The discussion below is merely provided for general background information and is not intended to be used as an aid in determining the scope of the claimed subject matter.
In conventional induction motor drives the stator neutral is inaccessible and the stator winding is excited only from one end by a single three phase supply. In an open-ended induction motor drive, the stator neutral of the induction motor is opened and the stator winding is connected to another three phase supply at an end opposite the first-mentioned three phase supply. Thus, two sets of voltages excite the stator winding of the induction motor from both ends. Commonly, each three phase supply is derived from a two-level inverter. In consequence the stator is excited from two two-level inverters from both ends, which is equivalent to the induction motor being driven from a three-level inverter. In order to annul any zero sequence voltage induced circulating currents, appropriate measures are taken i.e. using a common mode filter or using an isolated DC-link for the two inverters. The three-level inverter has some advantages compared to the two-level inverter in terms of switching ripple and switching losses.

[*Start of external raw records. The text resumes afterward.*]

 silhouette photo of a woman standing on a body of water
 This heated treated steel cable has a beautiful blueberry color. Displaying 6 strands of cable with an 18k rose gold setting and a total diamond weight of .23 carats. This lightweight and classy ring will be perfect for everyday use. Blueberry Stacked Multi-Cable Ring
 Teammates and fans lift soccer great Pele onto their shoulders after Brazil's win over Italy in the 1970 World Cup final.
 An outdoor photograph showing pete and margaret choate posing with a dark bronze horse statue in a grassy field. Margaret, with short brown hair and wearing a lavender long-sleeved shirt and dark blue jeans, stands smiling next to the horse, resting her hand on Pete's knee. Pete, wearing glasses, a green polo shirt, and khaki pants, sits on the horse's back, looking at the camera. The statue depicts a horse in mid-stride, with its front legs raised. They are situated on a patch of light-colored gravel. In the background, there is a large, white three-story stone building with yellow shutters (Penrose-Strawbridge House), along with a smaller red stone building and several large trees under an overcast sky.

Although common, these systems have significant disadvantages. In particular, power for the motor originates typically from a three phase AC source such as a utility. In order to create voltages suitable for driving the motor, the power from the three phase AC source is converted to a DC source of power. The DC source of power is then used by inverters to generate suitable voltages to drive the motor. In view of this, the motor control circuit must include a converter to convert the three phase power to DC, a suitable substantial storage device (e.g. large capacitor) to temporarily store the DC power as well as an inverter to use the DC power and selectively energize the windings to drive the motor. In addition to its expense, a large storage capacitor adds additional weight, can be a reliability problem and is difficult to integrate into either the motor or the inverter. The storage capacitor also creates an inrush-current problem when the system is switched on as well as cause additional currents under input imbalance conditions. Furthermore, the peak motor phase voltage is equal to the peak value of the utility phase voltage.

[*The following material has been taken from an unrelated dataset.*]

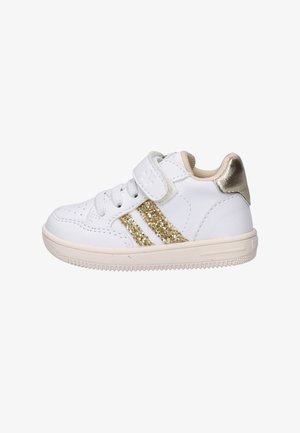 Witte peutersneaker met gouden glinsterstrepen, beige zool, klittenbandsluiting en metalen gouden hielpatch.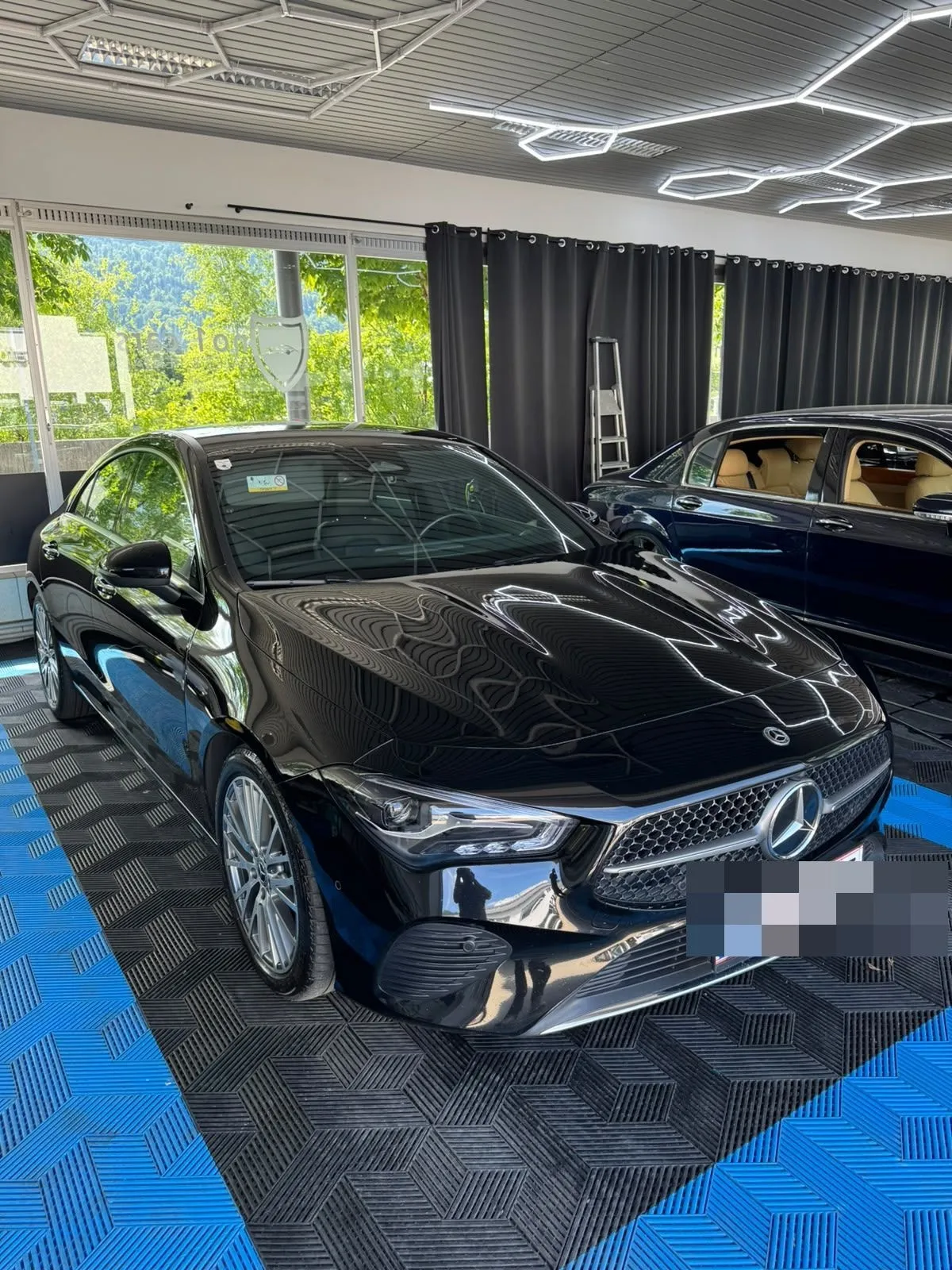 Mercedes CLA in der Halle von Saff Car Lounge in Kufstein nach der Aufbereitung, Hexagon-Leuchten spiegeln sich im Lack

A similar situation exists with power transformers. As is known, a common power transformer (e.g. 50 or 60 Hz) includes three single-phase transformers or one three-phase transformer. The disadvantage of such a transformer is its size and weight due to its low operating frequency.
In order to overcome the limitation of conventional low frequency power transformers, power electronic transformers based on voltage-link converters have been investigated. However, like the motors and generators discussed above, the configurations require a large dc-link capacitor that is bulky, unreliable and problematic at high temperatures for use with electronic switching devices such as SiC devices. Furthermore, in view of the multiple conversion stages present in these systems (i.e. AC to DC, DC to HF (high frequency) AC, HF AC to DC and DC to AC) efficiency is reduced.